Early in my career, I believed what most people believe about getting promoted.
I was leaving my first corporate management role.
I'd been brought in to lead an SEO team inside a large organization that built websites for attorneys. It was a specific role with a specific scope. I understood what I was hired to do and I did it.
And then I kept going.
I sought permission to work closely with our product team to launch a new product that increased customer website traffic. I built systems that increased cross-functional communication and cross-trained people from other departments. I didn't wait for someone to tell me there was more to own. I just kept identifying problems adjacent to my core responsibility and solving them. Building things the team needed that didn't exist. Taking on work that didn't have a clear owner because it needed to get done and I could see how to do it.
By the time I decided to leave, the role I was actually doing looked almost nothing like the role I'd been hired for.
I found out later what happened when my director sat down with the VP to talk about backfilling my position. The VP asked a question that stopped the conversation cold.
"What role are we trying to fill? Are we trying to fill the one we hired him for or the one he turned that role into?"
They couldn't answer it. Because the role I'd built over those years didn't have a title or a job description. It existed because I had created it.
I didn't know it at the time, but that question is one of the most valuable things anyone has ever said about my career. Not to me — about me. And it clarified something I've believed ever since.
💡The Vault Insight: The people who advance fastest don't just fill roles. They redefine them. And when they leave, their organization can't figure out how to replace them.
Most employees operate inside the four corners of their job description. They do what they were hired to do, they do it well, and they wait to be recognized for it. That's not wrong. But it's also not a path to accelerated advancement.
The managers and leaders who consistently rise — across industries, company sizes, and functions — share a specific behavior. They treat their job description as a starting point, not a boundary. They master what they were hired to do first, and then they look up and ask: what else needs to exist here that doesn't yet?
That question is where great careers are built.
It's also where the span of control lever gets pulled most naturally. When you solve problems nobody asked you to solve, influence outcomes outside your formal scope, and build capabilities the organization didn't know it needed — you are demonstrating exactly the kind of expanded influence that makes the case for the next level.
Not through ambition. Through evidence.
What this looks like in practice
It doesn't require grand gestures or political maneuvering. It starts with a simple habit: every time you encounter a problem adjacent to your core role — something that affects your team's performance, the organization's results, or a gap nobody else seems to be addressing — ask yourself one question.
Is there a reason I can't own this?
Usually there isn't. Usually the only thing standing between you and expanded scope is the assumption that someone else will handle it or that it's not your place to step in.
It is your place.

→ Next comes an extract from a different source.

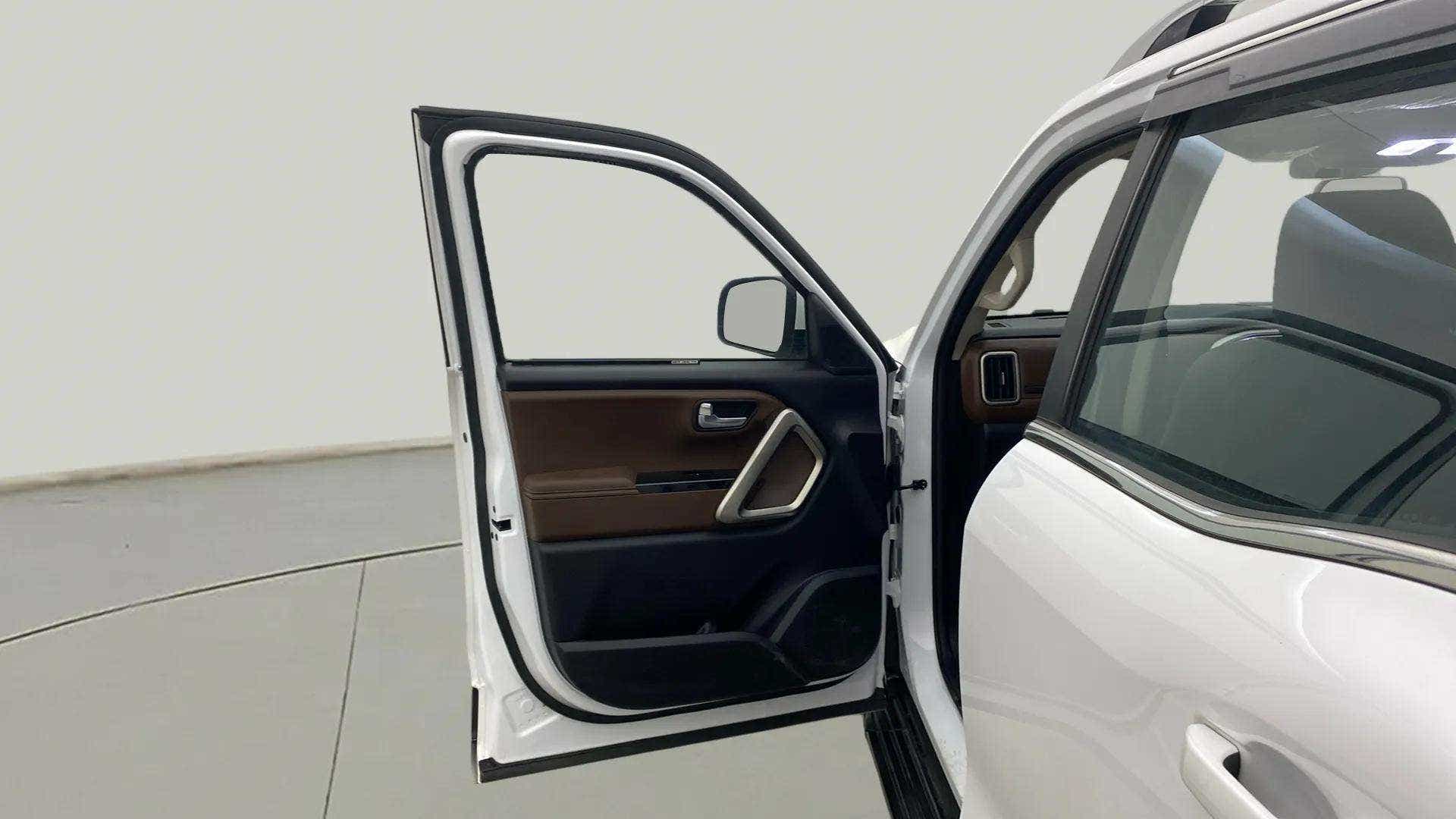 Front driver-side door open view of a Mahindra Scorpio-N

That's exactly your place.
The managers who wait for someone to expand their role formally are always behind the managers who expanded it themselves and then let the org chart catch up.
A word of caution
Expanding beyond your role only works if you've mastered what you were actually hired to do first. Taking on adjacent problems before you've delivered on the core ones signals poor judgment and creates resentment from the people who are counting on you for the basics.
The sequence matters: nail the job you were given, then reach beyond it. Never the other way around.

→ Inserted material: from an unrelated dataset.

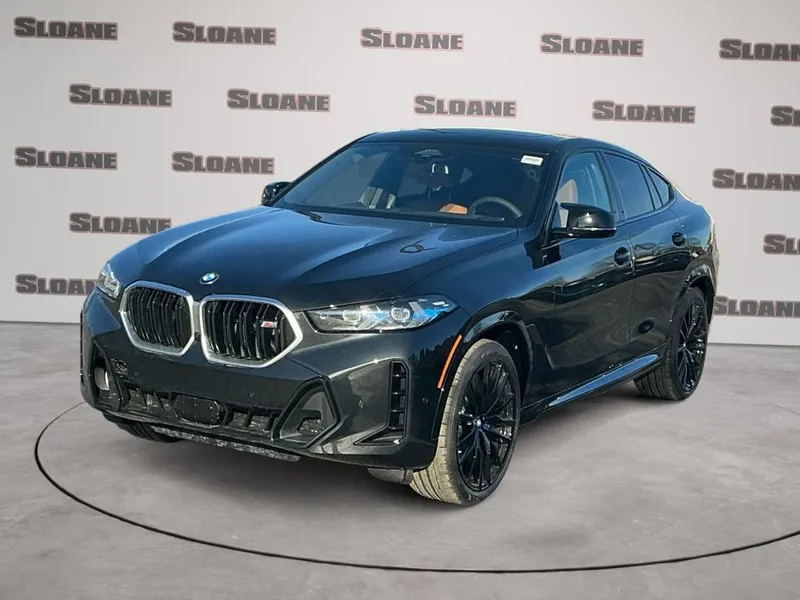 2026 BMW X6 M60i in Black Sapphire Metallic — front three-quarter view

And when you do reach beyond it — document it. In your career document, in your performance reviews, in the language you use to talk about your own contributions. Because the value of expanded scope is only visible to the organization if you make it visible.
The VP who asked that question about my role was seeing something I hadn't fully articulated myself. Your job is to articulate it before you're already walking out the door.
The question worth asking yourself right now
If your manager had to describe your role to a VP today — not the role you were hired for, but the role you've actually built — what would they say?
If the answer is roughly the same as your job description, that's useful information.
The gap between those two answers is where your next promotion might live.